The Alaska Board of Fisheries concludes its 2025-26 meeting cycle with a five-day session starting tomorrow in Anchorage on
statewide finfish and supplemental issues.
Among the more notable issues, a trio of proposals (170, 171 and 172) would constrain pink and chum production from salmon hatcheries. Two of the proposals are from the Kenai River Sportfishing Association.
Another trio of proposals (163, 164 and 165) would appear to make life tougher for trawlers. The proposals are from an organization called the Alaska Healthy Habitat Alliance.
Proposal 163 would define all trawls operating in state waters as bottom contact gear. Proposal 164 would "establish bottom contact monitoring requirements for pelagic trawl gear."

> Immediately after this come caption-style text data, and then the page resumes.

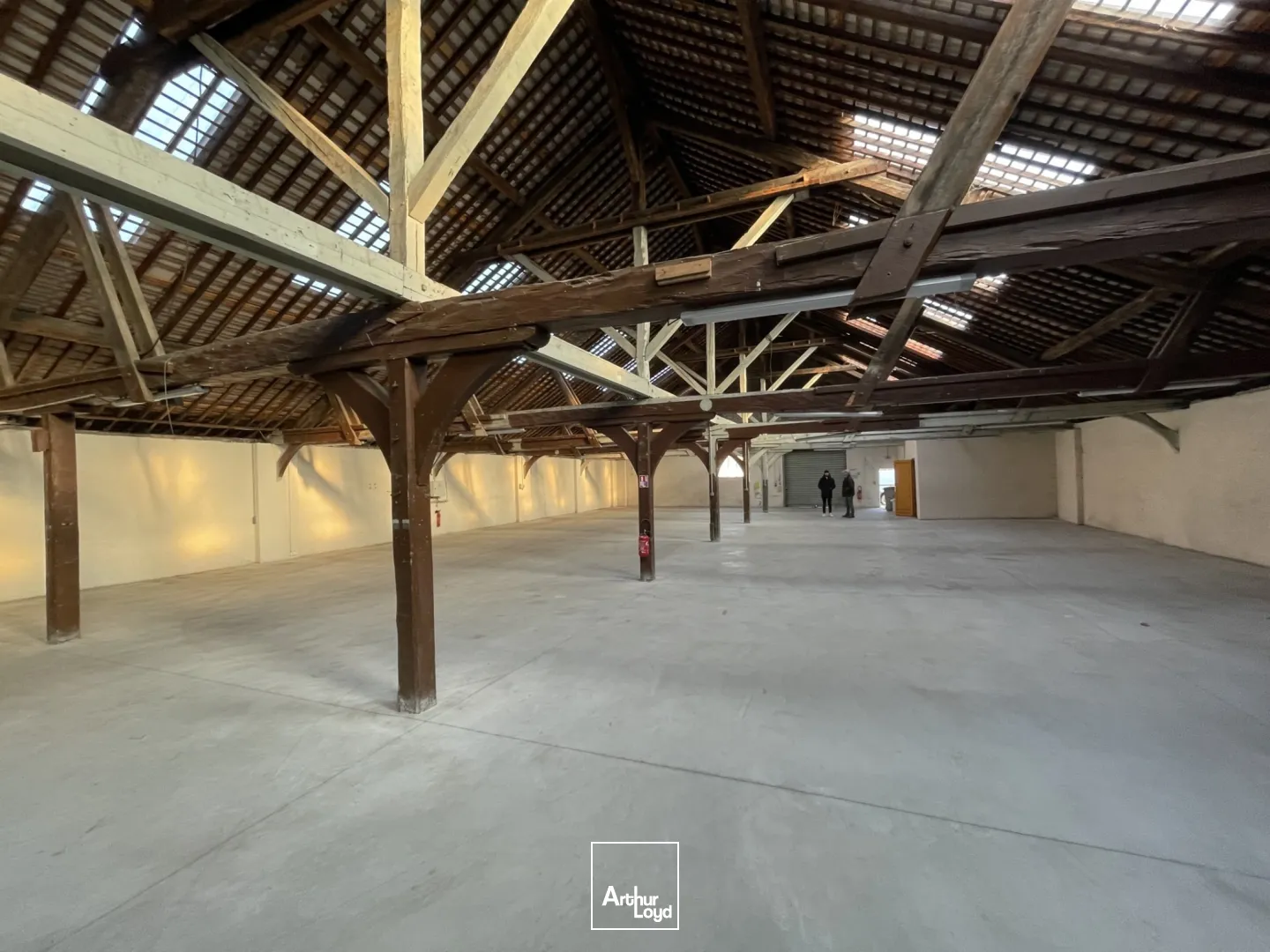 Locaux d'activité & Entrepôts - Location - SAINT AUBIN LES ELBEUF - 76410 - 740-740 - 7621373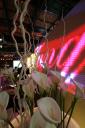 Room Division Dreampanel Backdrop f�r Diageo Messestand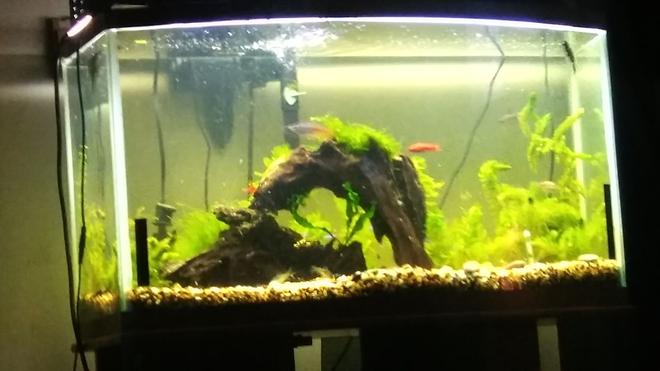 42 gallons planted tank (mostly live plants and fish) - .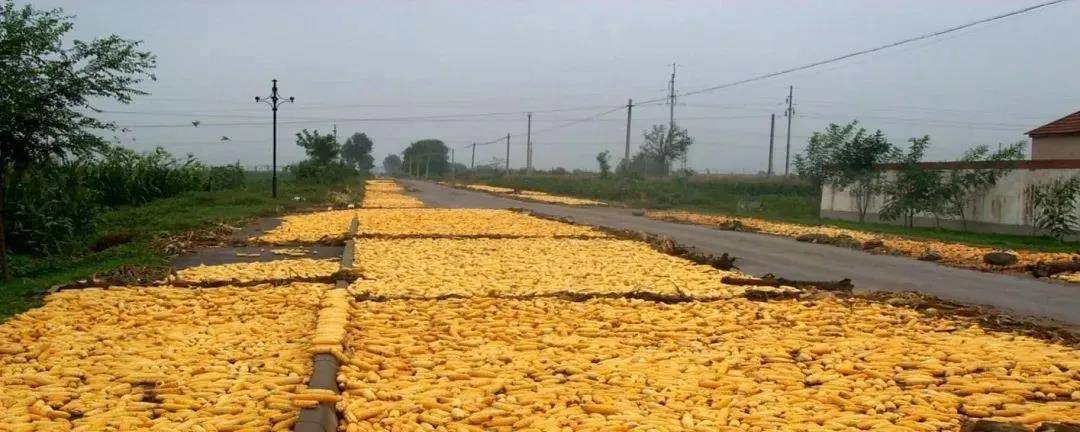 养殖业|霉菌毒素为什么是隐性杀手？看看它的这五大特点就知道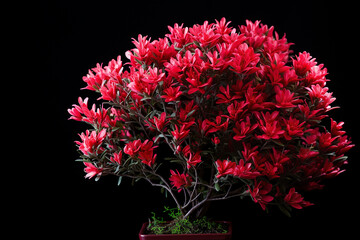 Isolated 3d shrub with red flowers on black background, flowering shrub, bush, flowers, Generative AI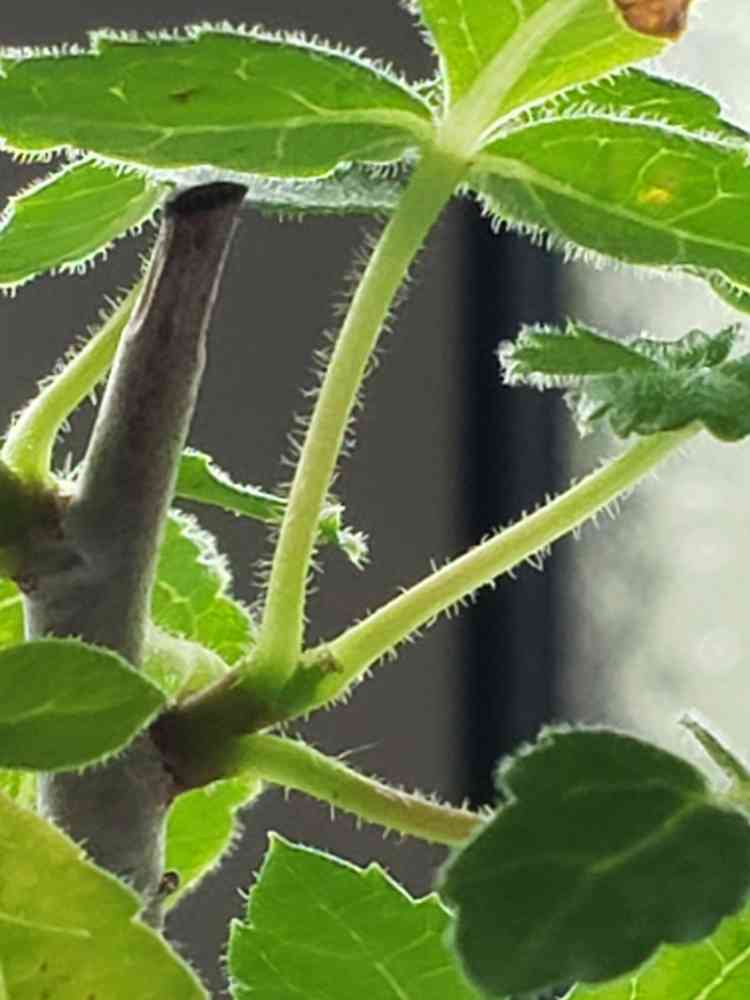 コミフォラ オブロンギフォリアの一覧｜🍀GreenSnap（グリーンスナップ）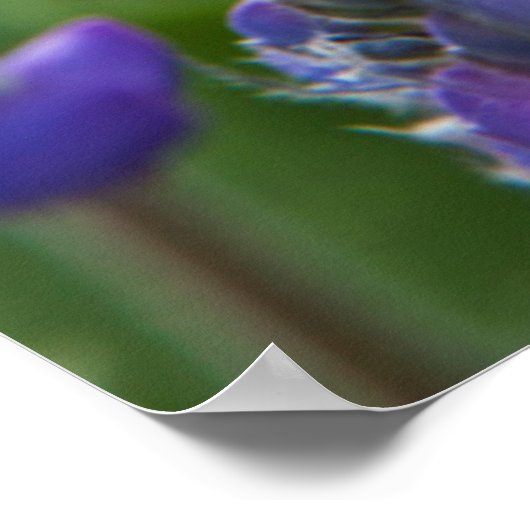 Arrowleaf Balsam Root en Lupine in Spring Bloom Poster (Hoek)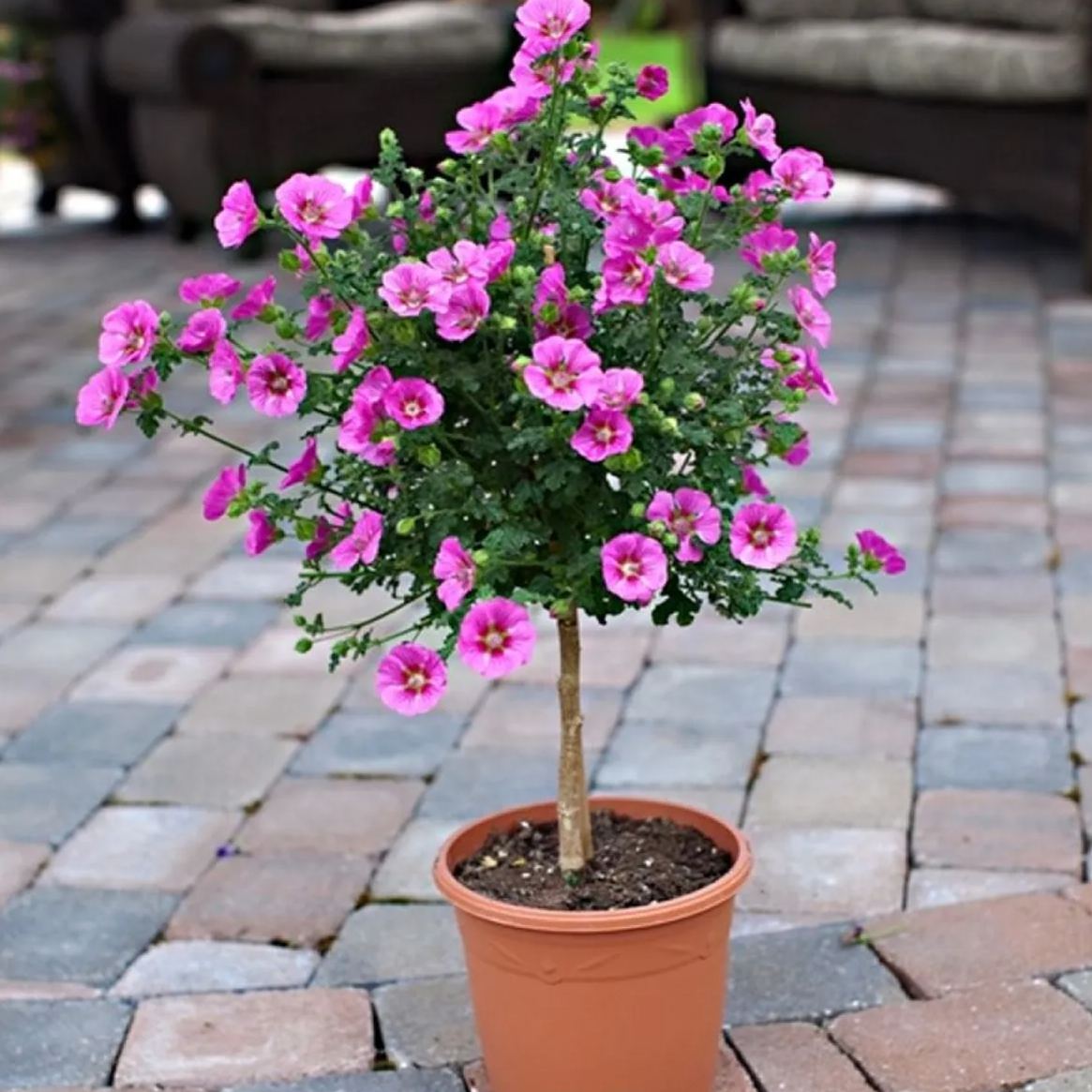 Elegant Princess Tree Cape Mallow Tree -- Blooming Machine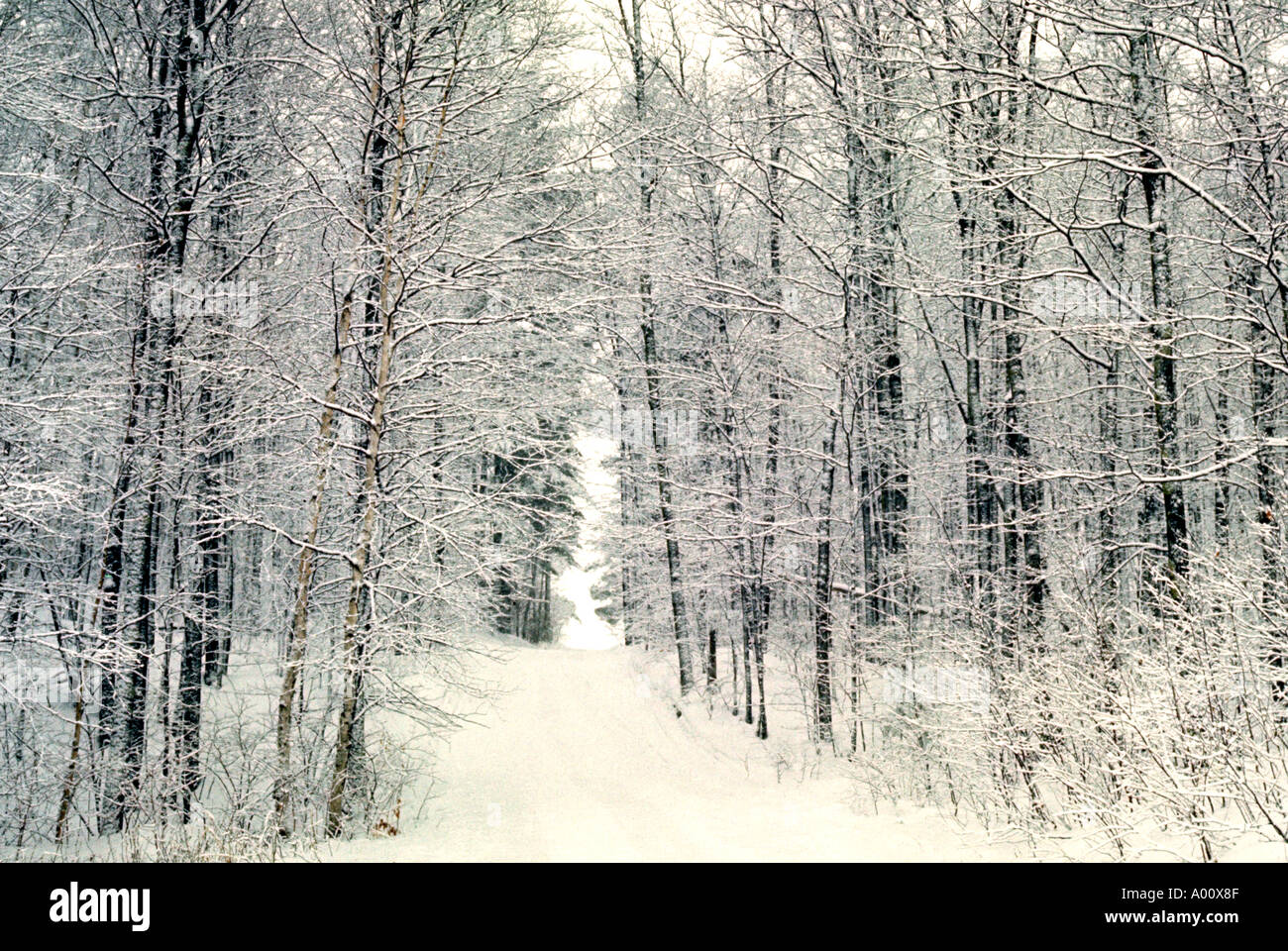 Trees after the snow storm Telemark Ski Resort Cable Wisconsin Stock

The Alaska Whitefish Trawlers Association hates these trawl proposals, commenting in a letter to the board:
There seems to be an assumption that trawlers operating in the Gulf of Alaska and Prince William Sound regularly put their pelagic nets on the bottom. This is not accurate. The seafloor in the GOA and PWS are rocky, and our pelagic nets are relatively delicate. Contact with the bottom (or sunken shipwrecks) shreds our nets, requiring time-consuming and expensive repairs or replacement, and lost fishing time. On average a pelagic trawl net alone for our members costs $110,000, and we are not going to intentionally damage an expensive piece of gear.